#### Problem to work on:
Write out the entries below exactly, starting at the first line and stopping after the line that contains "Joker the dog with an old whale bone"; skip all pictures.
......
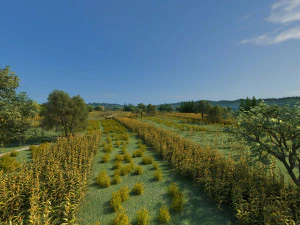 northeast rural 3D Model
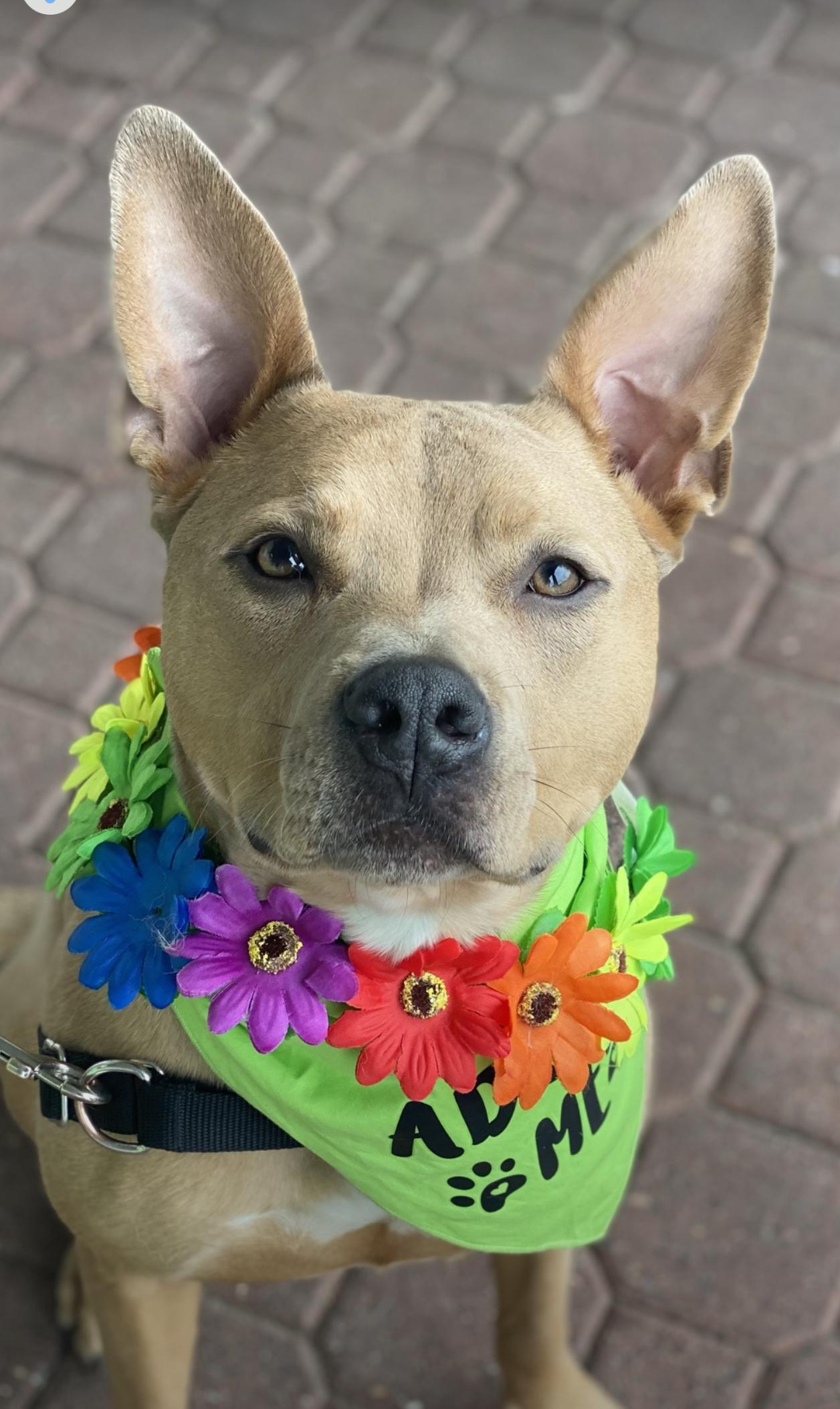Enlarge Stitch, a Adoptable mixed breed in North Haledon, NJ image 1/6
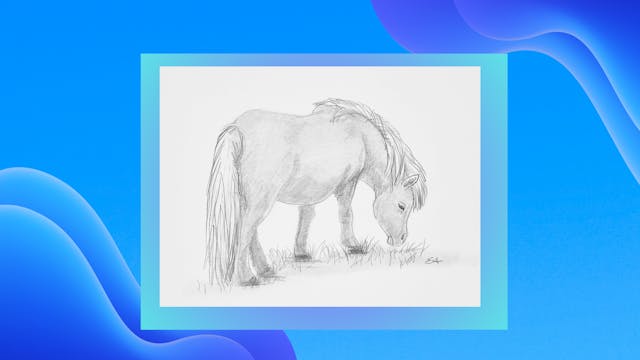 Learn to Draw Full-boby Horse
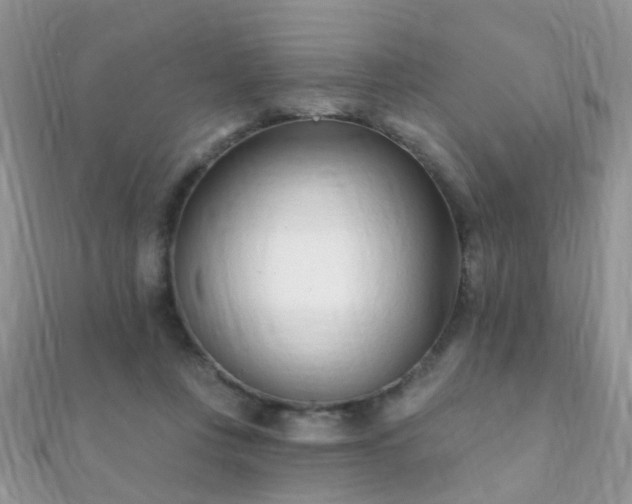 X0000112080359200908111500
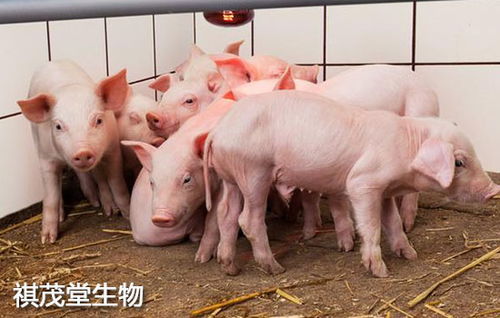 豬走怎么做 -圖1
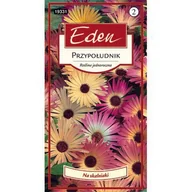 Nasiona i cebule - Przypołudnik mix 0,5 g Eden - miniaturka - grafika 1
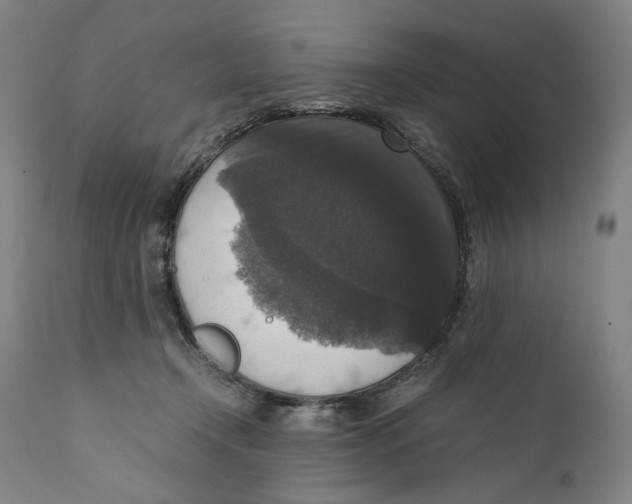 X0000110710366200907101250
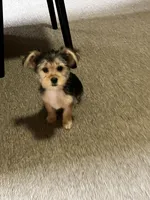 Cutie Pie 🥰 , a female Morkie for sale in Tri-Cities, TN – Photo 4 of 10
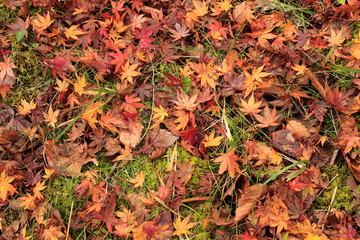 Autumn came and the leaves started to fall.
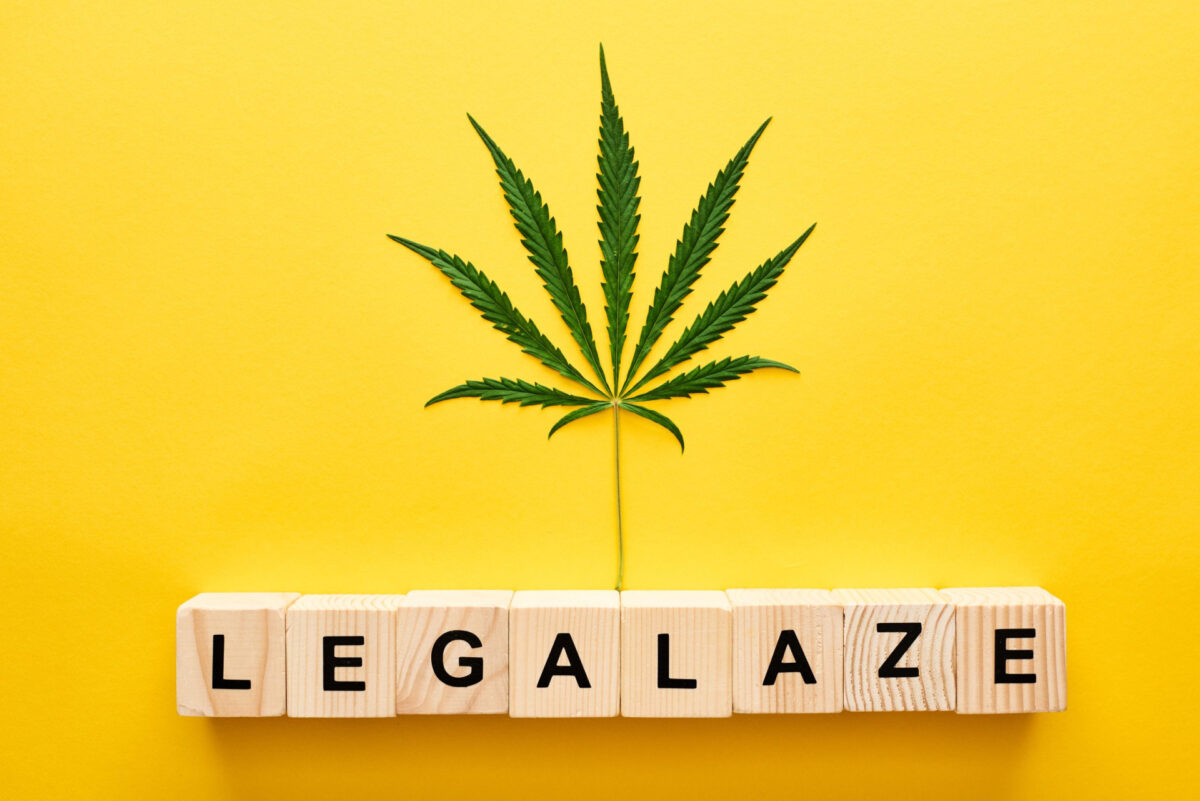 Is Weed Legal in Tampa Everything you need to know
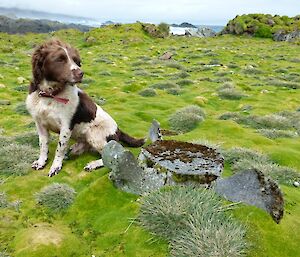 Joker the dog with an old whale bone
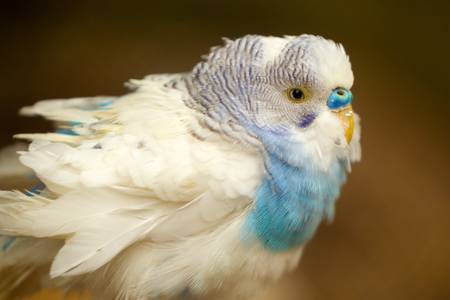 male melopsittacus undulatus shoot in the wild in ecuadorian rainforestの写真素材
......
#### Result of the exercise:
 northeast rural 3D Model
Enlarge Stitch, a Adoptable mixed breed in North Haledon, NJ image 1/6
 Learn to Draw Full-boby Horse
 X0000112080359200908111500
 豬走怎么做 -圖1
 Nasiona i cebule - Przypołudnik mix 0,5 g Eden - miniaturka - grafika 1
 X0000110710366200907101250
 Cutie Pie 🥰 , a female Morkie for sale in Tri-Cities, TN – Photo 4 of 10
 Autumn came and the leaves started to fall.
 Is Weed Legal in Tampa Everything you need to know
 Joker the dog with an old whale bone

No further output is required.